Conducted offline evaluations and Validation Testing using healthcare query datasets, improving conversational reliability and contextual accuracy before large-scale production deployments across enterprise AI support environments successfully.
Built scalable inference services using Docker and AWS ECR, enabling portable deployments, runtime consistency, secure container management, and standardized conversational AI execution across distributed healthcare environments reliably.
Deployed conversational AI workloads on Amazon EKS and Kubernetes, enabling autoscaling, workload isolation, fault-tolerant orchestration, and highly available healthcare AI platform deployments across production environments successfully.
Automated deployment workflows through CI/CD Pipelines using GitHub Actions and Jenkins, improving release reliability, deployment governance, rollback readiness, and continuous delivery across conversational AI application environments.
Managed cloud infrastructure using Terraform and CloudFormation, supporting scalable provisioning, infrastructure standardization, secure environment management, and governed cloud resource deployment across enterprise AI systems.
Monitored conversational AI services using CloudWatch and Prometheus, tracking latency, operational alerts, infrastructure utilization, and conversational performance metrics across distributed healthcare production environments continuously.
Performed Unit Testing and API Validation using PyTest, ensuring stable integrations, reliable deployments, secure API functionality, and scalable conversational AI reliability across enterprise healthcare application environments.
Prepared technical documentation and Swagger API specifications supporting onboarding, governance standards, operational maintainability, enterprise knowledge transfer, and long-term sustainability across healthcare AI implementations.
Environment: Python, AWS Bedrock, Claude, LangChain, LangGraph, LlamaIndex, Pinecone, FAISS, FastAPI, REST APIs, PySpark, AWS Glue, Amazon S3, Redshift, DynamoDB, Docker, Kubernetes, Amazon EKS, Jenkins, GitHub Actions, Terraform, CloudFormation, MLflow, Prometheus, CloudWatch, PyTorch, Scikit-learn, Microservices Architecture, Distributed Systems, CI/CD Pipelines, Agile Scrum.
Sallie Mae Bank
AI / Machine Learning Engineer Newark, DE | May 2022 - Jan 2024
Engineered intelligent loan servicing solutions using Azure OpenAI and LangChain, streamlining customer support workflows, repayment assistance operations, and financial document interactions across enterprise banking environments.
Designed event-driven AI architectures using Conversational AI and Microservices, enabling secure financial query handling, workflow orchestration, and scalable customer engagement capabilities across banking support platforms.
Worked within Agile Scrum delivery models, collaborating with product managers, fraud analysts, and compliance teams to deliver AI-powered banking solutions aligned with operational and regulatory requirements.
Built enterprise ingestion frameworks using Azure Data Factory and Python, integrating loan records, transaction histories, payment logs, and customer communication datasets from distributed banking applications.

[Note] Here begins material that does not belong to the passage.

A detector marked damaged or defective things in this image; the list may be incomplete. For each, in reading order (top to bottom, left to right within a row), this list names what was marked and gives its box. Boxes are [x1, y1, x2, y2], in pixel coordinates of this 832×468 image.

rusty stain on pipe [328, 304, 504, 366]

Developed high-volume transformation pipelines using Azure Synapse and PySpark, processing financial datasets for fraud analytics, customer intelligence, risk scoring, and machine learning feature engineering workflows.

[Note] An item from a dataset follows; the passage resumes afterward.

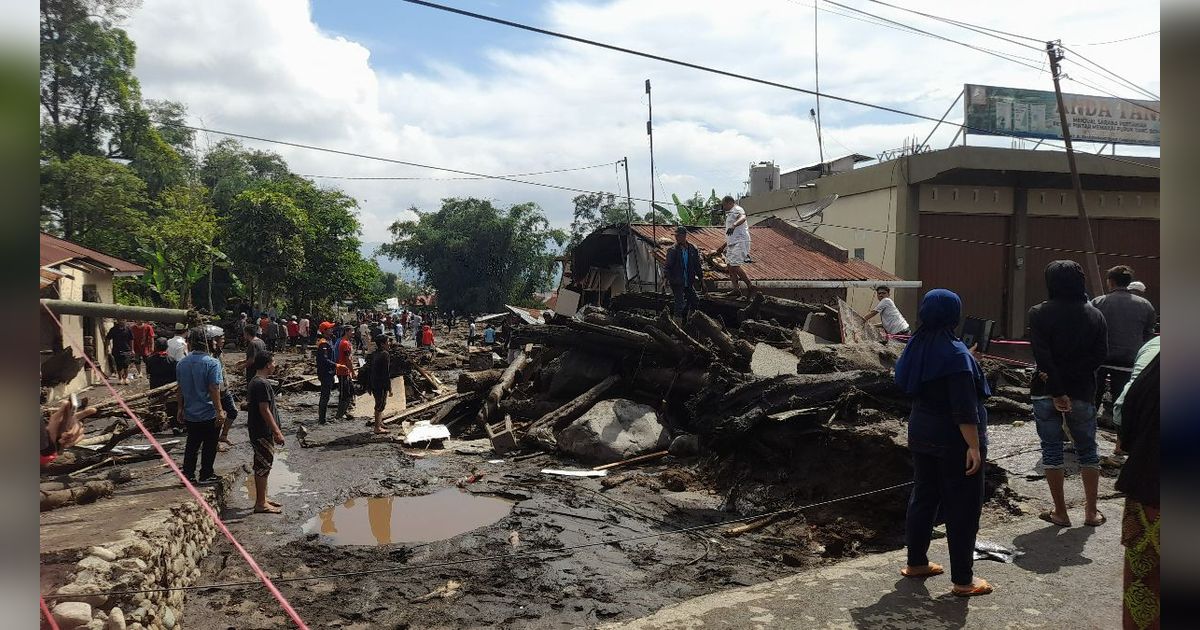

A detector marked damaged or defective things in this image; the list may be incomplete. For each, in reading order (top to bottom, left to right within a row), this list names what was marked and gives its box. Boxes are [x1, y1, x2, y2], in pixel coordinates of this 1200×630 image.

Structured governed financial storage solutions using Azure Blob Storage and Delta Lake, supporting scalable reporting, enterprise analytics, and secure access management across AI-driven banking applications.
Created semantic knowledge retrieval systems using Pinecone and Vector Search, enabling intelligent document discovery, contextual recommendations, and enterprise financial knowledge accessibility across support operations.
Fine-tuned enterprise NLP workflows using Hugging Face and BERT, supporting financial summarization, intent recognition, intelligent routing, and automated classification across customer servicing environments.
Implemented scalable RAG Pipelines using LangChain and embeddings, improving contextual banking response generation through retrieval-aware prompting and optimized financial document relevance techniques.
Enhanced enterprise Prompt Engineering strategies using contextual prompting and response grounding, improving conversational consistency while minimizing hallucinations across financial AI support environments.
Developed predictive fraud analytics using Scikit-learn and XGBoost, improving anomaly detection accuracy through feature selection, statistical validation, model optimization, and classification performance tuning methodologies.
Applied enterprise NLP processing using spaCy and NLTK, performing entity extraction, sentiment analysis, text normalization, and semantic preprocessing across large-scale financial communication datasets.
Performed enterprise Model Validation and performance benchmarking using historical transaction datasets, improving operational reliability, fraud prediction accuracy, and production readiness across AI-driven banking systems.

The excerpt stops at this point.